Review categories > Website Design Books > Flash 5 Bible
Review for 'Flash 5 Bible'
Rating: 6 of out 6
Written By: Robert Reinhardt & Jon Warren
Page Count: 1300
Cover Type: Hardcover
Published By: IDG Books Worldwide
Date Published: 2/2001
List Price: $49.99
The Flash 5 Bible is the most comprehensive and exhaustive reference to the greatly expanded interactive and programmatic features of Flash 5. It's predecessor, the Flash 4 Bible, is widely regarded as the keystone book on the subject of Flash 4, and has been translated into more languages than any other Flash related book.
This is more than a simple revision of the prior edition. In fact, we've added so much new material and extended both the depth and breadth of our coverage to such an extent that the book has more than doubled in page count! This is a real-world book: our lessons, examples, and explanations are based in real experience and application of Flash to many different projects. Furthermore, we've expanded the wealth of expert tutorials to bring you tips and techniques from over 40 of the top names in the Flash industry, so that you can benefit their years of expertise.
If you're a Flash novice, the Flash 5 Bible will help you get started on your first day with the program and, when you've attained mastery of the program, it will remain at your side as your central reference and resource.

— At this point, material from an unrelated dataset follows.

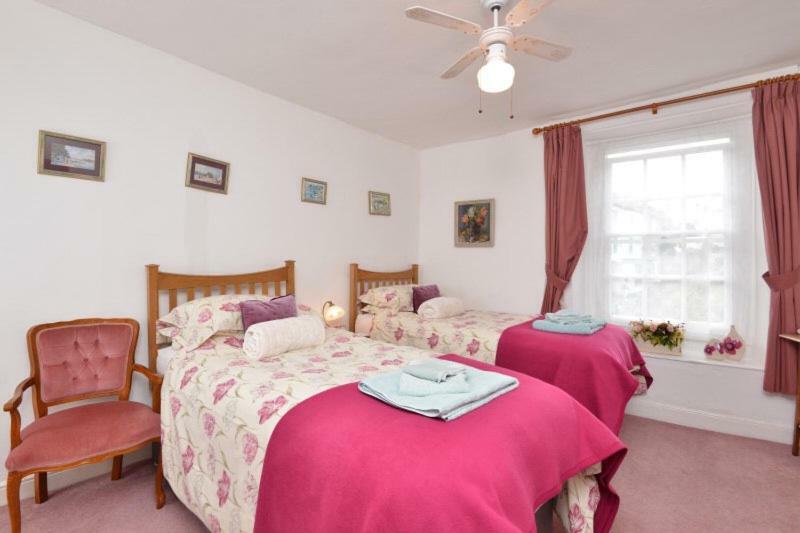 The Old Bakehouse Bed & Breakfast Colyton Bagian luar foto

But Flash is not just one tool. You can think of Flash as a multitasking application: it's an illustration program, an image and sound editor, an animation machine, and a scripting engine, all rolled into one. Accordingly, with this revision, we've restructured our book to better handle each of these components, in depth, and to better explain how each component works with the other parts.
Part I of the book is dedicated to a detailed explanation and documentation of the Flash interface. It explains the specific function of every tool, command, and check box - with a ton of tips and tricks thrown in along the way. This is the only reference that delivers this much information. In fact, Part I is larger than most books that purport to cover Flash in its entirety. In Parts II and III you'll learn everything you need to know in order to draw, animate, and use sound in your Flash movies.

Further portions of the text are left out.